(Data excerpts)

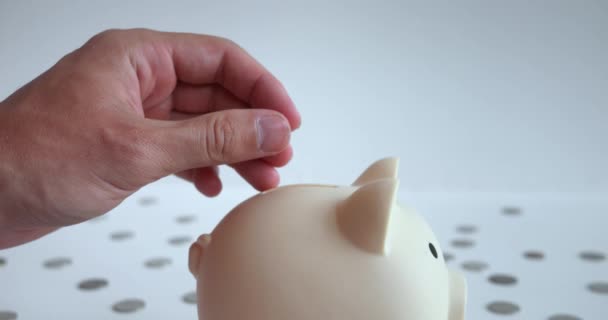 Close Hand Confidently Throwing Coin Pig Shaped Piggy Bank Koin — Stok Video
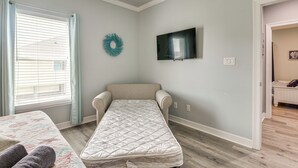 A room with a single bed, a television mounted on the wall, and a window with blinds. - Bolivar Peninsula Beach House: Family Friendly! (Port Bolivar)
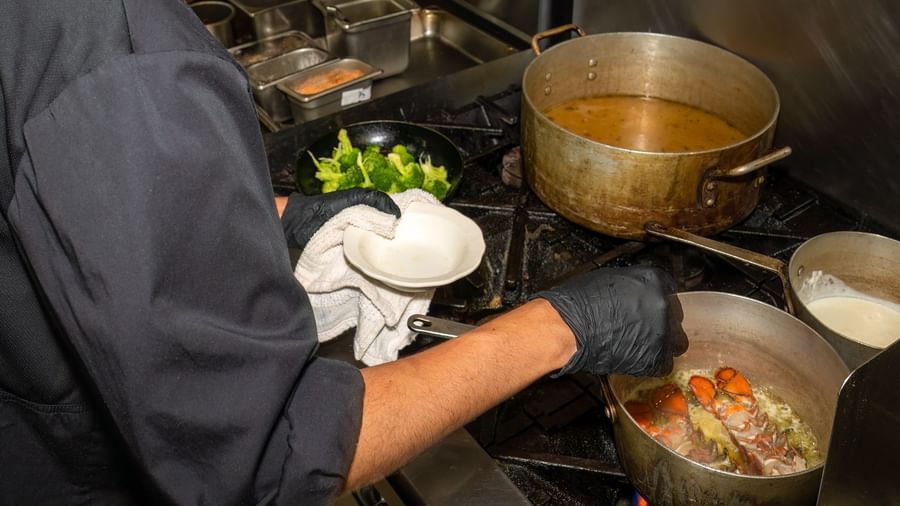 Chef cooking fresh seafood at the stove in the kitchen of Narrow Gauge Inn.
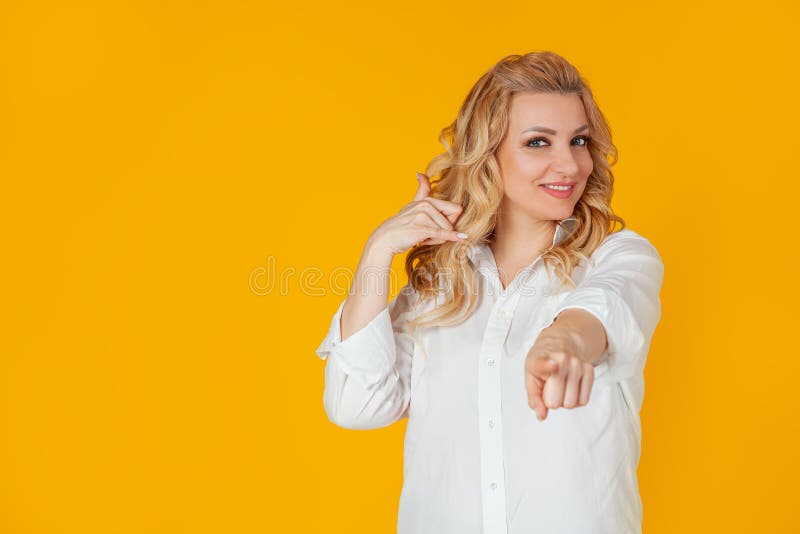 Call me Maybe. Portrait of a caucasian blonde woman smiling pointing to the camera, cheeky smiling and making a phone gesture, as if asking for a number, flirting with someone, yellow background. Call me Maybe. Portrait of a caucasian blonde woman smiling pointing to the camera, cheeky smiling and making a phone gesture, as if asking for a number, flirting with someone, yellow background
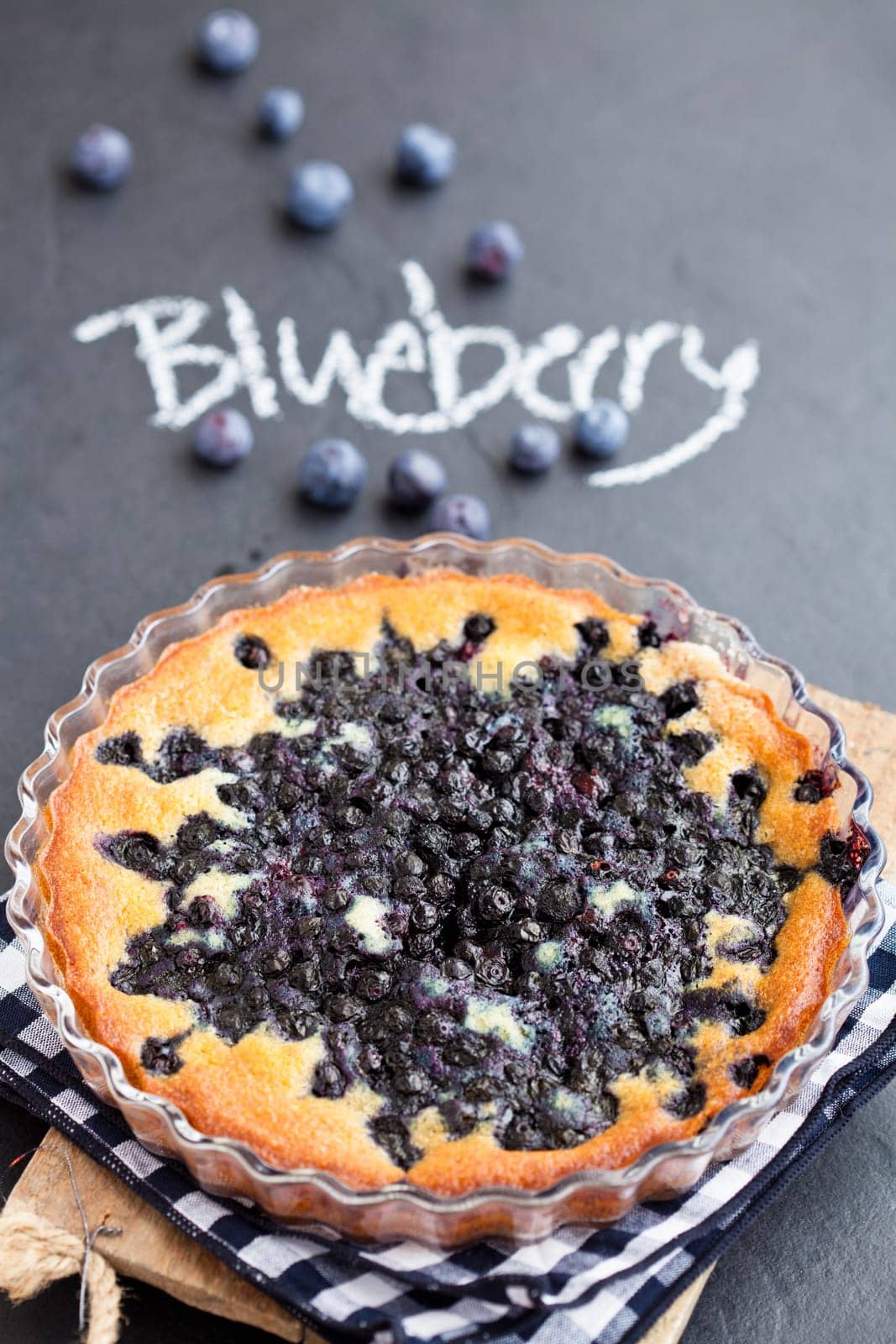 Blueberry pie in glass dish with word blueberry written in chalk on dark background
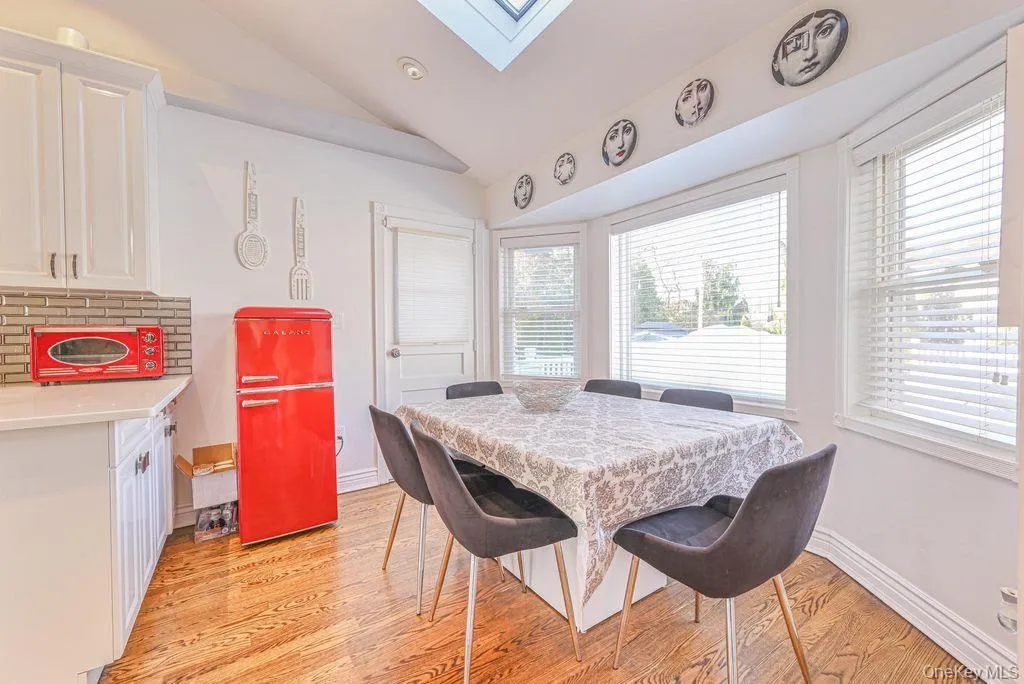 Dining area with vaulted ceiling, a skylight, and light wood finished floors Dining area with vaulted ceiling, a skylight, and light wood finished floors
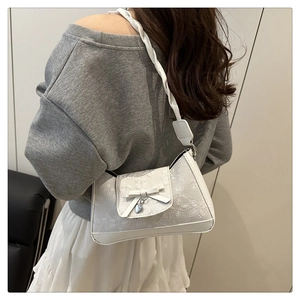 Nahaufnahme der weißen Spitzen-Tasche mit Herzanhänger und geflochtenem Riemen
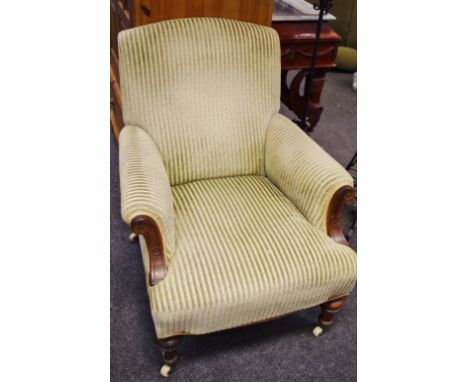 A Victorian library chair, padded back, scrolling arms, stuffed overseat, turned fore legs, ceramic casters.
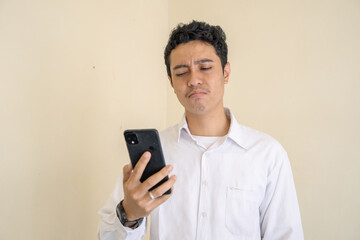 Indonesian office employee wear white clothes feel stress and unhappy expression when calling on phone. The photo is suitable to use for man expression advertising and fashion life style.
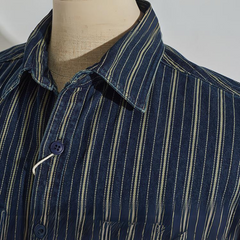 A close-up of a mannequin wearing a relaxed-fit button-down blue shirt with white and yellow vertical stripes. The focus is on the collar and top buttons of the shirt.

• What is needed
Repeat the lines of the records verbatim, starting at the line containing "finished floors Dining" and stopping after the final line. Images stay out.

• Solution
 Dining area with vaulted ceiling, a skylight, and light wood finished floors Dining area with vaulted ceiling, a skylight, and light wood finished floors
 Nahaufnahme der weißen Spitzen-Tasche mit Herzanhänger und geflochtenem Riemen
 A Victorian library chair, padded back, scrolling arms, stuffed overseat, turned fore legs, ceramic casters.
 Indonesian office employee wear white clothes feel stress and unhappy expression when calling on phone. The photo is suitable to use for man expression advertising and fashion life style.
 A close-up of a mannequin wearing a relaxed-fit button-down blue shirt with white and yellow vertical stripes. The focus is on the collar and top buttons of the shirt.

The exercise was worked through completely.